*MATERIAL FOR THIS EXERCISE*.
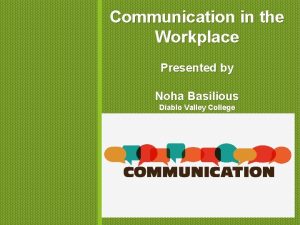 Communication in the Workplace Presented by Noha Basilious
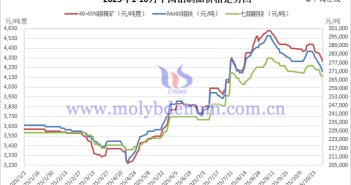 2025年1-10月中國(guó)鉬製品價(jià)格走勢(shì)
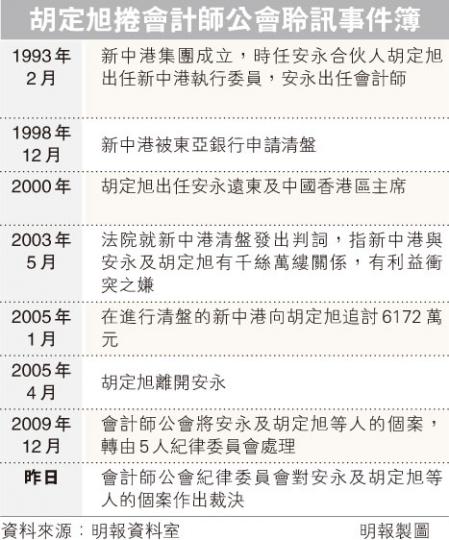 (明報製圖) (明報製圖)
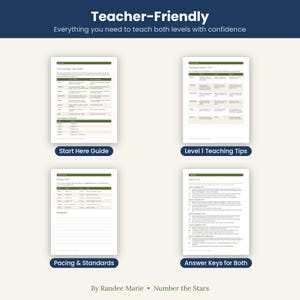 Puede incluir: Cuatro p&aacute;ginas de documentos educativos blancos tituladas Teacher-Friendly, Start Here Guide, Level 1 Teaching Tips, Pacing & Standards y Answer Keys for Both. Las p&aacute;ginas presentan encabezados verdes, tablas y texto de Randee Marie.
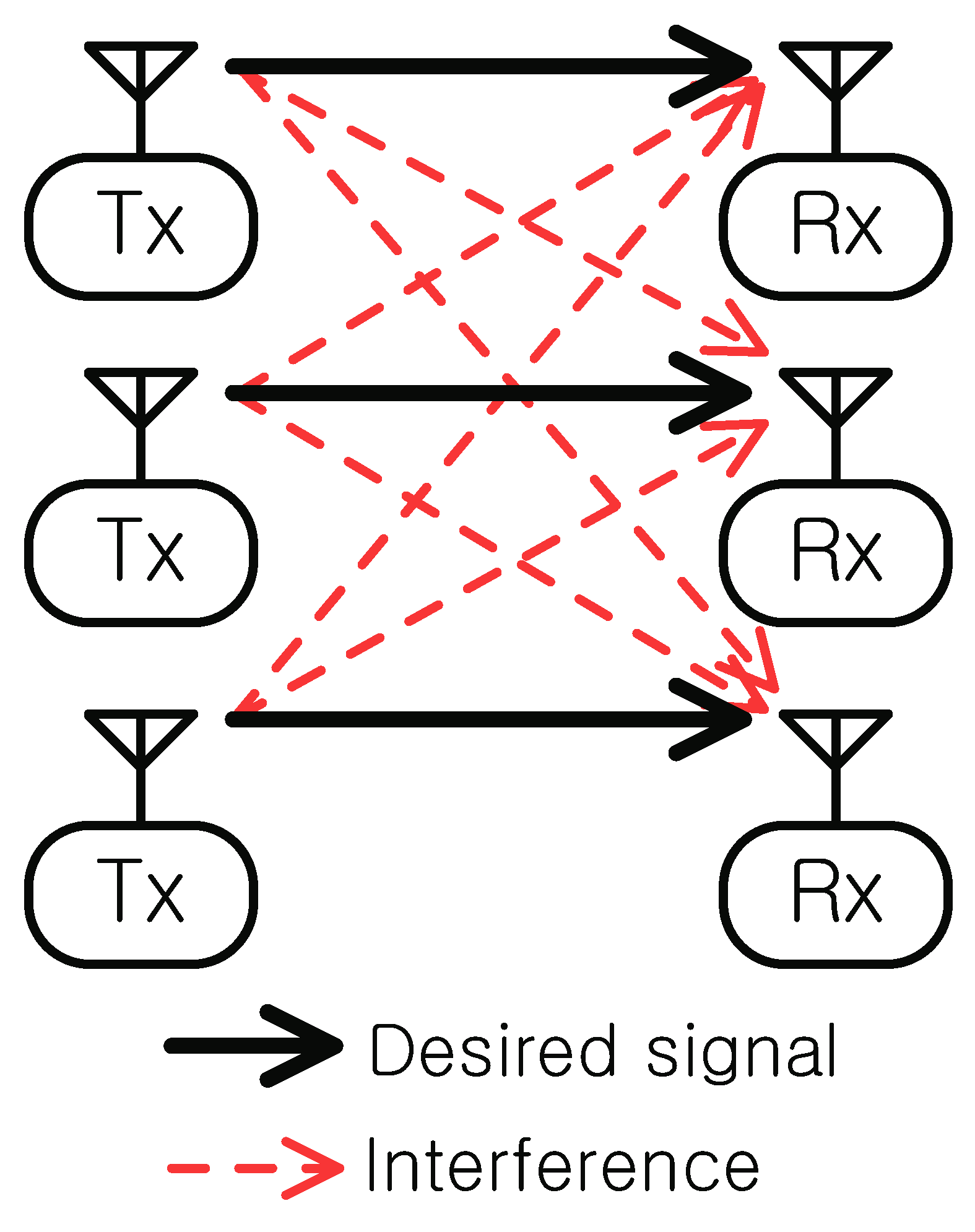 Energies 12 04300 g001 550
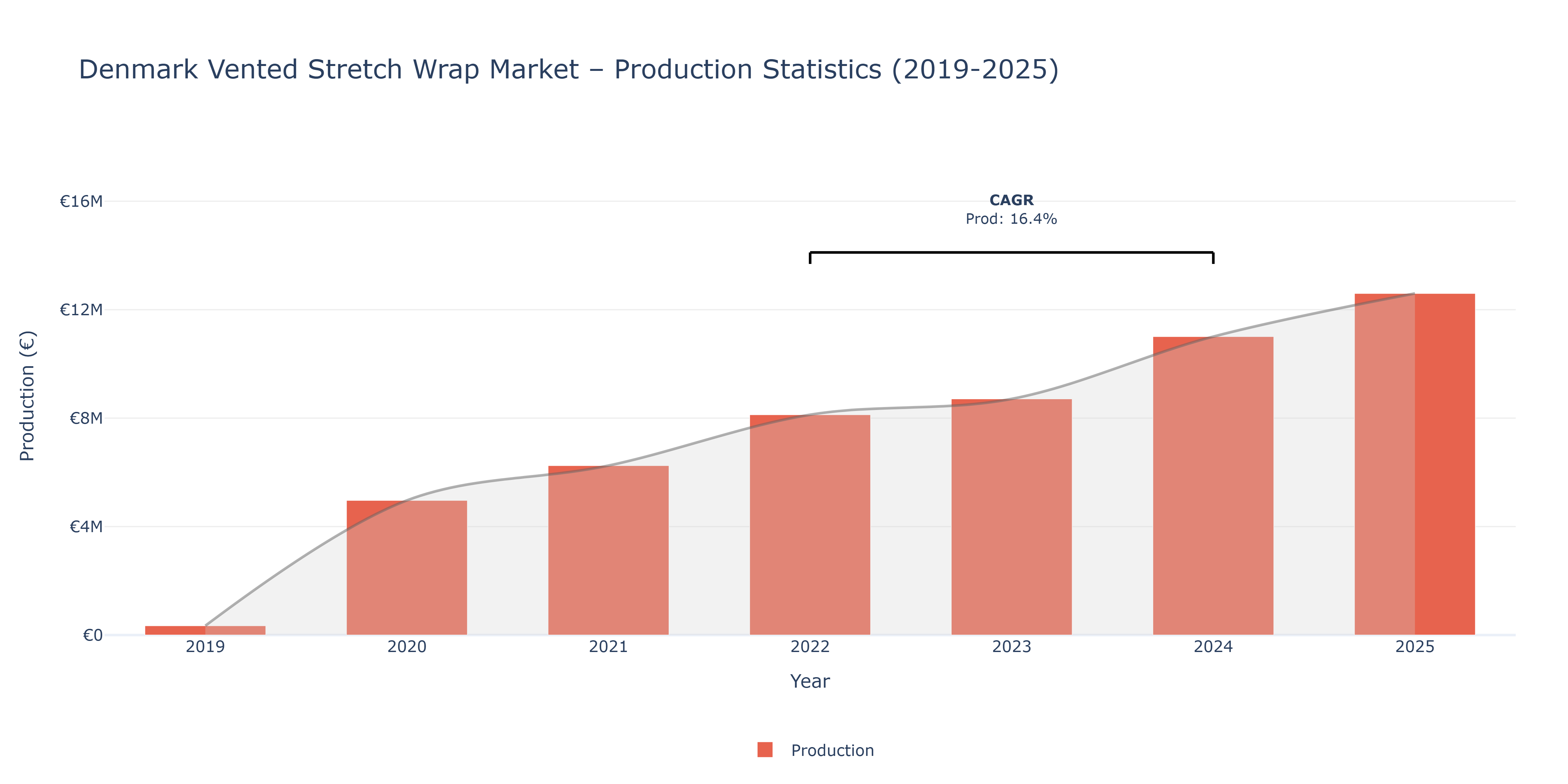 Denmark Vented Stretch Wrap - Market Production Statistics (2019-2025)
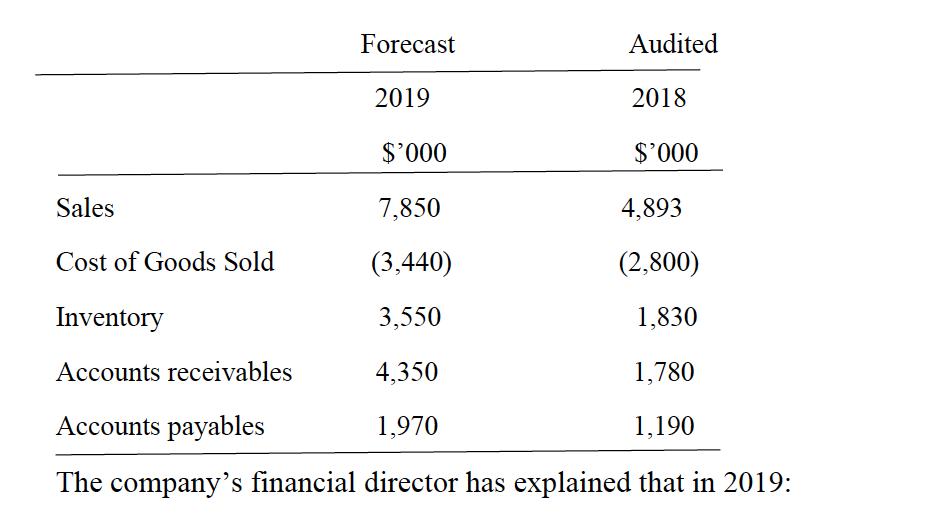 Forecast Audited 2019 2018 $000 $000 Sales 7,850 4,893 Cost of Goods Sold (3,440) (2,800) Inventory 3,550 1,830 Accounts re
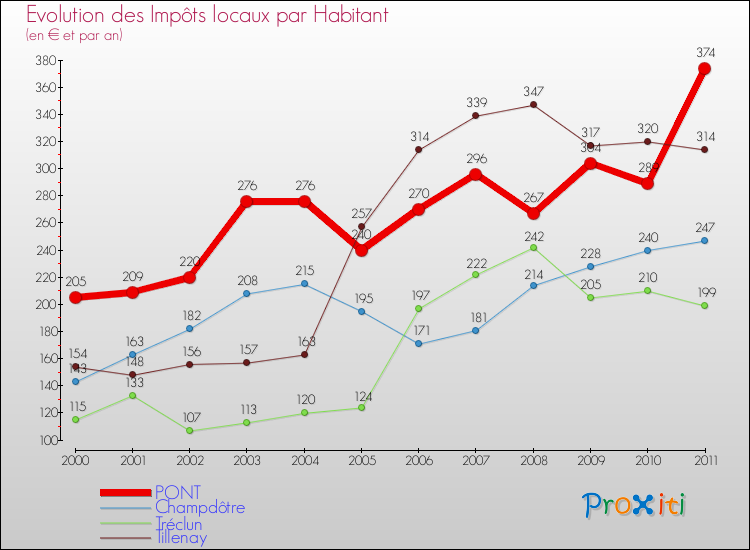 Evolution et montant des impôts locaux par Habitant pour PONT et les communes proches Comparaison des impôts locaux par habitant pour PONT et les communes voisines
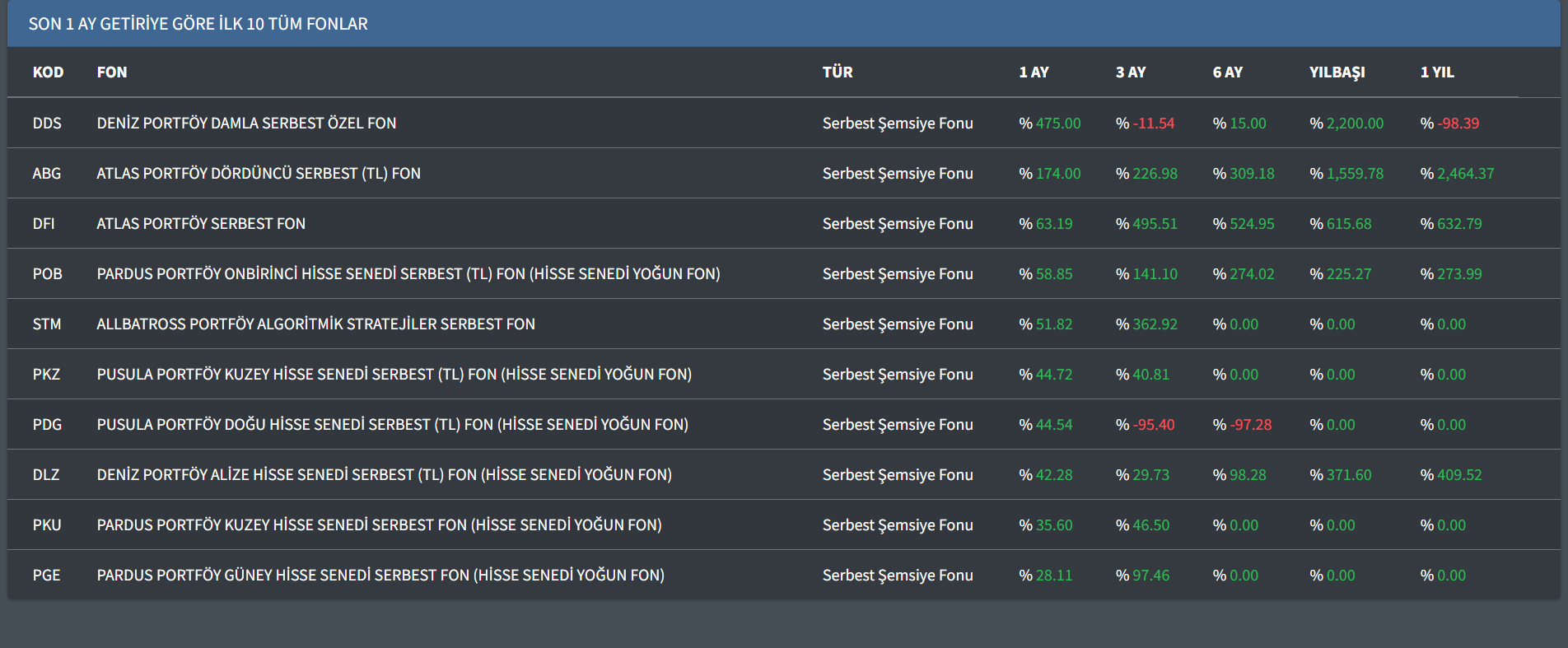 01.12.2025 KAPANIŞINA GÖRE FON KARŞILAŞTIRMALARI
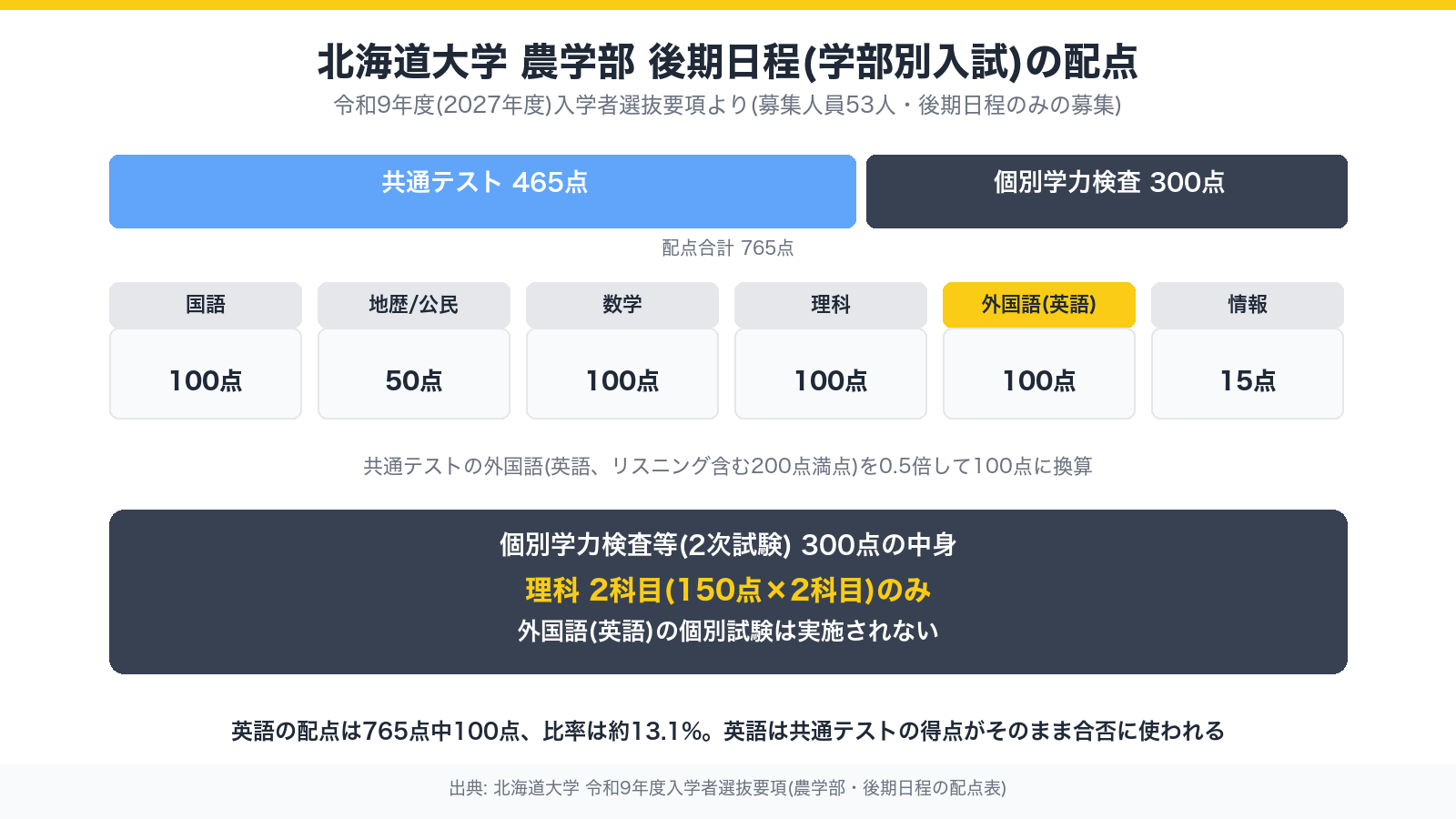 北海道大学農学部 後期日程(学部別入試)の配点構成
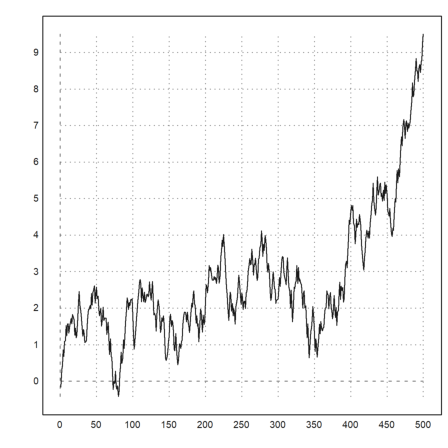 21 - Python in Euler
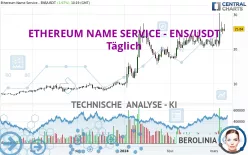 ETHEREUM NAME SERVICE - ENS/USDT - Täglich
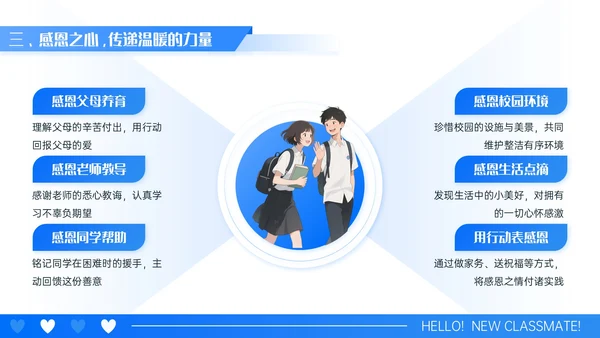 蓝白色漫画风开学第一课PPT模板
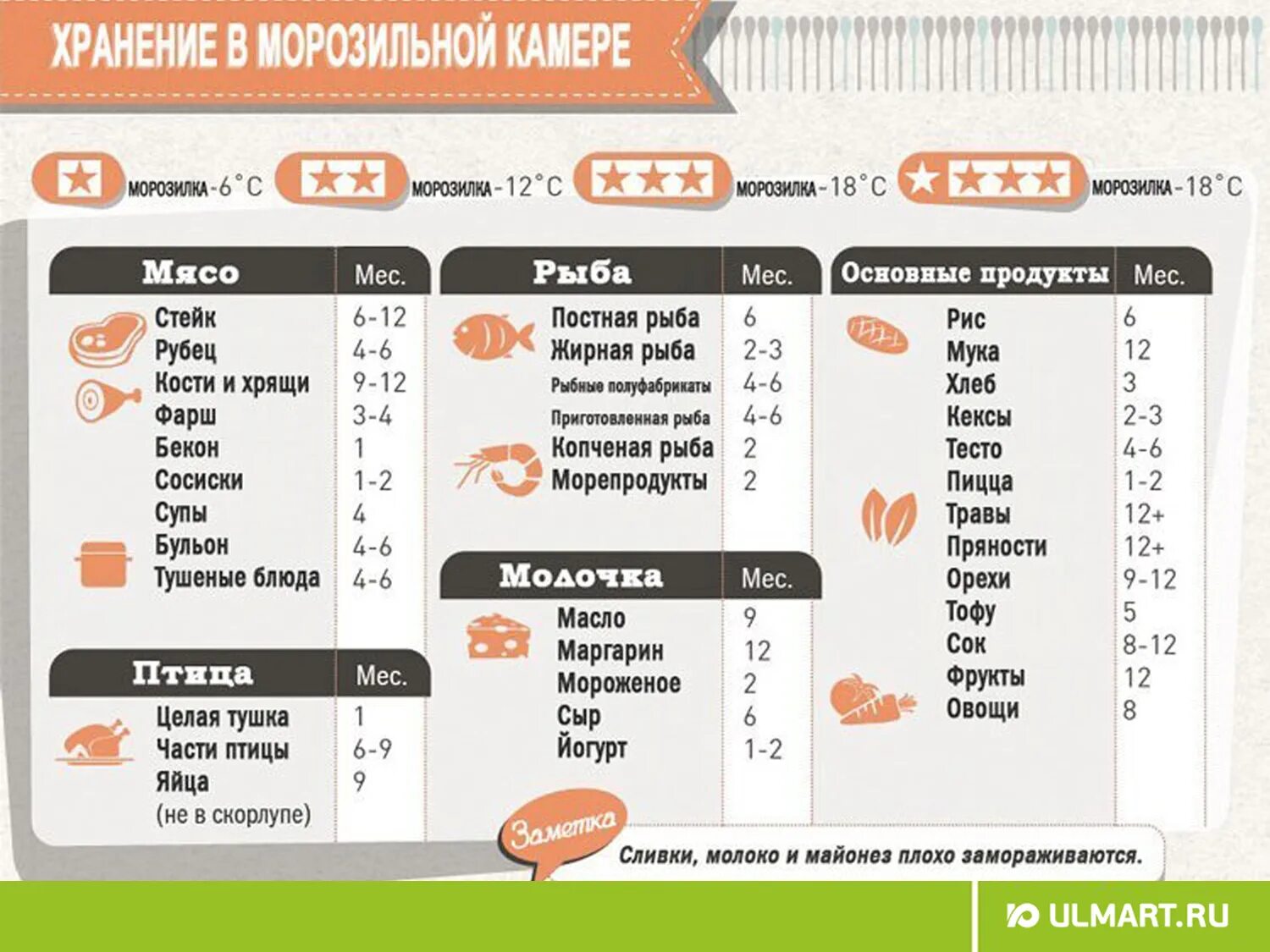 Сколько может лежать мясо. Срок годности продуктов в морозильной камере таблица. Сроки хранения продуктов в холодильнике и морозильной камере. Шпаргалка для хозяйки на кухне. Срок хранения продуктов в морозиловке.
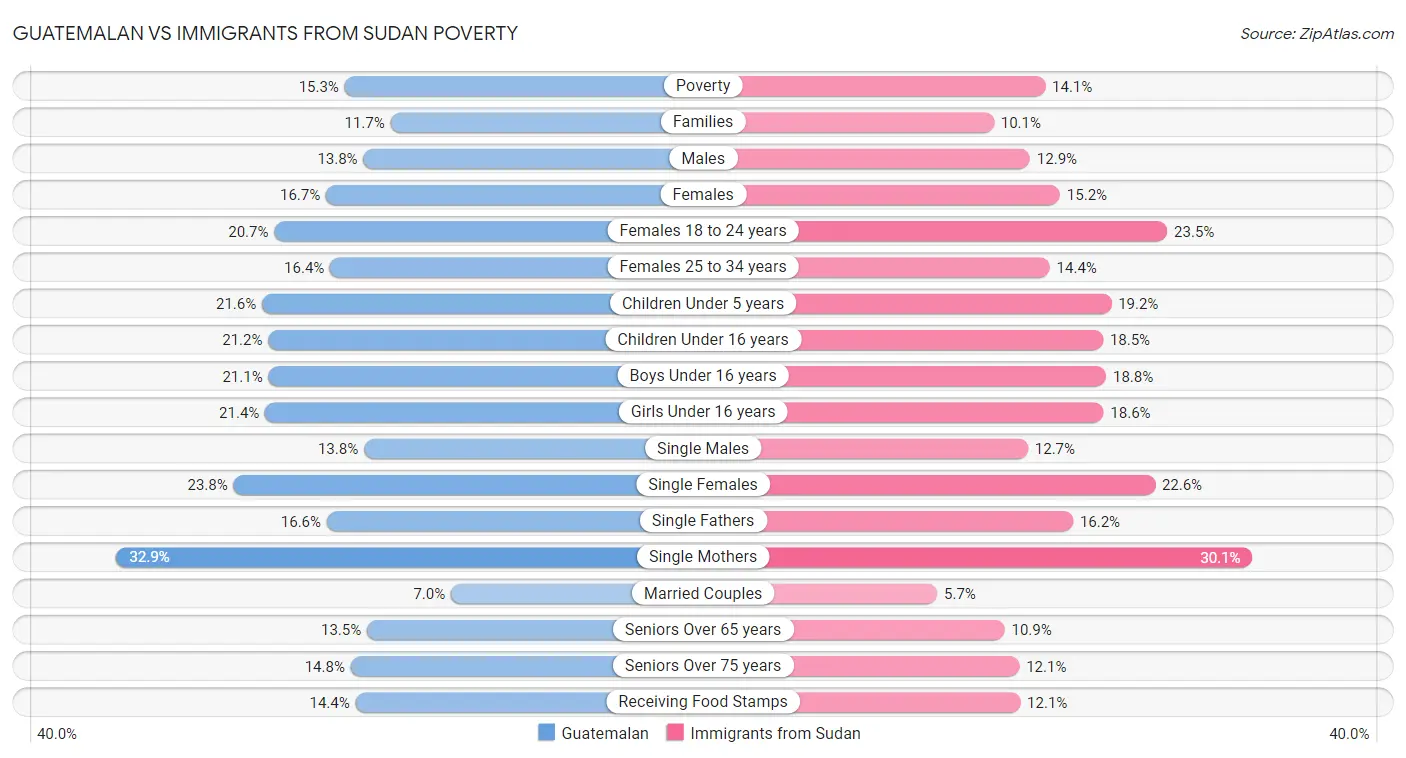 Guatemalan vs Immigrants from Sudan Poverty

*PROBLEM TO WORK ON*. Would you please copy the listing exactly, omitting every picture?

*YOUR SOLUTION*.
 Communication in the Workplace Presented by Noha Basilious
 2025年1-10月中國(guó)鉬製品價(jià)格走勢(shì)
 (明報製圖) (明報製圖)
 Puede incluir: Cuatro p&aacute;ginas de documentos educativos blancos tituladas Teacher-Friendly, Start Here Guide, Level 1 Teaching Tips, Pacing & Standards y Answer Keys for Both. Las p&aacute;ginas presentan encabezados verdes, tablas y texto de Randee Marie.
 Energies 12 04300 g001 550
 Denmark Vented Stretch Wrap - Market Production Statistics (2019-2025)
 Forecast Audited 2019 2018 $000 $000 Sales 7,850 4,893 Cost of Goods Sold (3,440) (2,800) Inventory 3,550 1,830 Accounts re
 Evolution et montant des impôts locaux par Habitant pour PONT et les communes proches Comparaison des impôts locaux par habitant pour PONT et les communes voisines
 01.12.2025 KAPANIŞINA GÖRE FON KARŞILAŞTIRMALARI
 北海道大学農学部 後期日程(学部別入試)の配点構成
 21 - Python in Euler
 ETHEREUM NAME SERVICE - ENS/USDT - Täglich
 蓝白色漫画风开学第一课PPT模板
 Сколько может лежать мясо. Срок годности продуктов в морозильной камере таблица. Сроки хранения продуктов в холодильнике и морозильной камере. Шпаргалка для хозяйки на кухне. Срок хранения продуктов в морозиловке.
 Guatemalan vs Immigrants from Sudan Poverty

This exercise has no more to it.